Proper preparation of your log siding product before staining, as well as the staining procedure itself, can ensure that your finished log siding exceeds your expectations or the expectations of your client. Town & Country Cedar Products artisans are well versed in preparing log siding for the staining process. Here are their valuable tips for the proper preparation of the wood, and application of wood staining products.
Log Siding Quality is Critical: The sap-ring in pine log siding measures 2/3 the diameter of the tree trunk. Thus most pine siding will be made from sap wood and will bleed sap out of the wood for 2-3 years. Sap causes what is typically seen as black blotches on pine siding -- even with the very best of stain applications! However, there is no sap at all in the quality northern white cedar siding and paneling from Town & Country because it is cut from the heartwood of the cedar tree. White cedar tree sapwood typically measures only ½ to 1 inch of the diameter of the trunk and Town & Country removes ALL the sapwood during the drying and milling process. Simply stated, using inferior log siding products milled from sapwood may be inexpensive to begin with, but in the long run will cost more time and effort to maintain and will result in less satisfaction with the appearance of the home.

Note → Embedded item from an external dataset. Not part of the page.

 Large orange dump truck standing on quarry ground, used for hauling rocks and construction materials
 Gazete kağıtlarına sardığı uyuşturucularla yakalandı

Prepare the Log Siding: Use a TSP wash (Tri Sodium Phosphate) to open up the cellular structure of the wood so the stain will penetrate further into the grain.
Stain Quality: It’s always best to research the different stain qualities available at your local stain store. Check online to make sure you are getting the quality you want for the money you want to spend. There are a wide range of products, and of course, the best products are the most expensive. Even a quality stain will not wear well if preparation is inadequate or sun exposure is excessive. Look for guarantees and for stain life expectancies as published by the manufacturer. Follow all manufacturers’ recommendations for product preparation and stain application.

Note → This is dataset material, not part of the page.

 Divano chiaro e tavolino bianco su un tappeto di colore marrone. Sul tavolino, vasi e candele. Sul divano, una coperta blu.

Stain Application: Stain doesn’t go on like a coating of paint and doesn’t function like paint in the protection of your log siding product. Unlike paint, stain is designed to soak into the wood. Two healthy coats of stain back-brushed into the wood itself are much better than one heavy coat of stain, which sits on the surface. If you apply your stain like a thick coat of paint, the stain will ultimately chip, crack and peal.

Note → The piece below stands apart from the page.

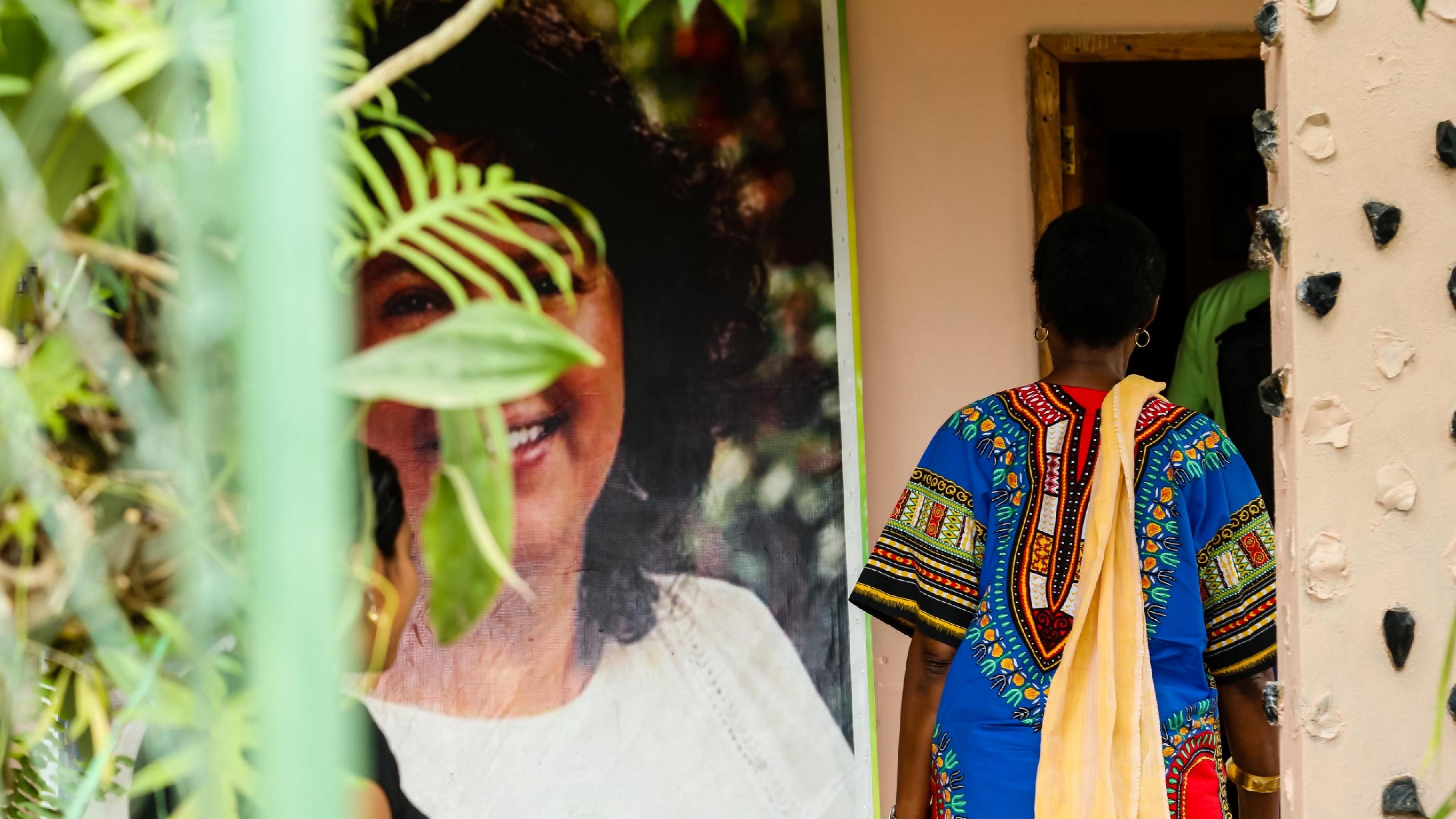 An einem großen Portraifoto von Berta Cáceres im Innenhof vorbei geht Winnie Byanyima ins Haus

Color Choice: The predominant enemy of stain is the UV rays of the sun. Lighter stain colors will fail faster than darker stain colors because UV rays penetrate further into the lighter colored product.
Limit Sun Exposure: If you are still designing your home, you might want to position your home in relation to the sun in order to minimize sun exposure. It's always good to have an 18 – 24 inch overhanging soffit on your roof to keep your log siding out of the sun as much as possible.